4. The system of claim 3, wherein the eye movement tracking apparatus further comprises the display.

5. The system of claim 1, wherein the ingested digital content comprises:

one or more of a browser activity, a personal video, a data storage repository of the user, a video content viewed by the user, an audio listened to by the user, and one or more purchases of the user.

6. The system of claim 1, the PKA further comprising:

an optical character recognition (OCR) module configured to recognize a text content contained within the presented information, when the digital content is presented as an image content, wherein an output of the OCR module is provided to the semantic processing engine.

7. The system of claim 1, wherein the eye movement tracking apparatus correlates an eye position of the user with an information element in the presented information.
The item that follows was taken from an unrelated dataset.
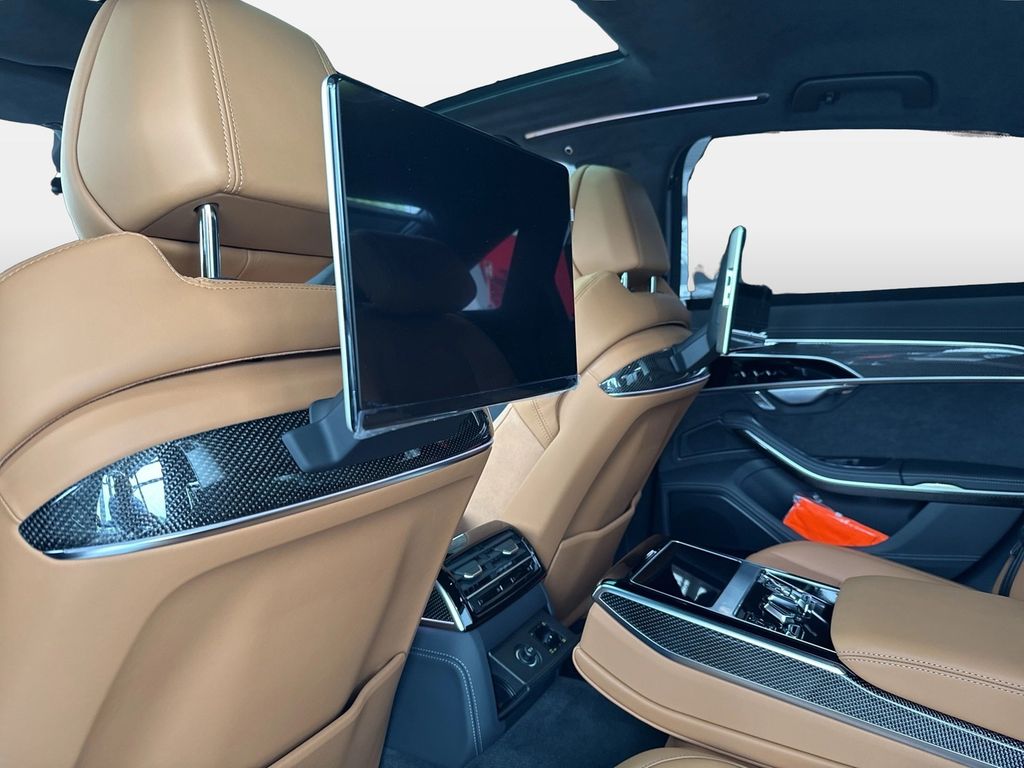 Audi S8 2023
8. A computer implemented method for providing automated supplemental information to a user consuming a digital content, comprising:

tracking via an eye movement tracking apparatus, an eye movement of a user while consuming a presented information contained within the digital content;

detecting an eye movement event associated with a user's eye movements, the eye movement event indicative of a knowledge gap or an interest of the user when encountering an information element in the presented information;

ingesting, via a content management service, the digital content encountered by the user;

analyzing, via a personal knowledge assistant (PKA), an ingested digital content consumed by the user;

developing a knowledge profile of the user, based on the ingested digital content;

processing, via a semantic processing engine, the presented information and determine a context for the presented information;

generating, via the PKA, a supplemental information based on an intersection of the knowledge profile, the knowledge gap, the interest of the user, and the context of the presented information; and

communicating, via an application program interface (API), the supplemental information to a display viewable by the user.

9. The method of claim 8, wherein the eye movement event includes one or more of a pause and a wandering.

10. The method of claim 8, wherein the eye movement tracking apparatus comprises:

a wearable head gear having one or more sensors to detect a position and a movement of the user's eyes.

11. The method of claim 10, wherein the eye movement tracking apparatus further comprises the display.

12. The method of claim 8, wherein the ingested digital content comprises:

one or more of a browser activity, a personal video, a data storage repository of the user, a video content viewed by the user, an audio listened to by the user, and one or more purchases of the user.

13. The method of claim 8, the further comprising:

performing an optical character recognition (OCR) to recognize a text content contained within the presented information when the digital content is presented as an image content.

14. The method of claim 13, further comprising:

providing and of the OCR to the semantic processing engine.

15. The method of claim 8, further comprising:

correlating an eye position of the user with an information element in the presented information.